> [What the task asks]:
Could every line below be written out exactly as it appears?

> [Data under study]:
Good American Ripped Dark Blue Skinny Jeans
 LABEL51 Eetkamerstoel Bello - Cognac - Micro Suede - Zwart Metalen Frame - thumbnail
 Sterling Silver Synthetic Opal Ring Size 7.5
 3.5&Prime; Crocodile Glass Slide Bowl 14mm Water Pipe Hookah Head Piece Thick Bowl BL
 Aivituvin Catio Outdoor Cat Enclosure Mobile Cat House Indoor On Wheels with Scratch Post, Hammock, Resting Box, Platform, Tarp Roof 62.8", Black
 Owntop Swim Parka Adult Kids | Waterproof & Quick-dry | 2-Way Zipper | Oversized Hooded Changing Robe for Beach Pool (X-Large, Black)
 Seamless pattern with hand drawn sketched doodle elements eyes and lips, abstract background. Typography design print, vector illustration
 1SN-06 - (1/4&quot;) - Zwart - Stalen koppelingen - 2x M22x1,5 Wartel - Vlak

> [Answer space]:
Good American Ripped Dark Blue Skinny Jeans
 LABEL51 Eetkamerstoel Bello - Cognac - Micro Suede - Zwart Metalen Frame - thumbnail
 Sterling Silver Synthetic Opal Ring Size 7.5
 3.5&Prime; Crocodile Glass Slide Bowl 14mm Water Pipe Hookah Head Piece Thick Bowl BL
 Aivituvin Catio Outdoor Cat Enclosure Mobile Cat House Indoor On Wheels with Scratch Post, Hammock, Resting Box, Platform, Tarp Roof 62.8", Black
 Owntop Swim Parka Adult Kids | Waterproof & Quick-dry | 2-Way Zipper | Oversized Hooded Changing Robe for Beach Pool (X-Large, Black)
 Seamless pattern with hand drawn sketched doodle elements eyes and lips, abstract background. Typography design print, vector illustration
 1SN-06 - (1/4&quot;) - Zwart - Stalen koppelingen - 2x M22x1,5 Wartel - Vlak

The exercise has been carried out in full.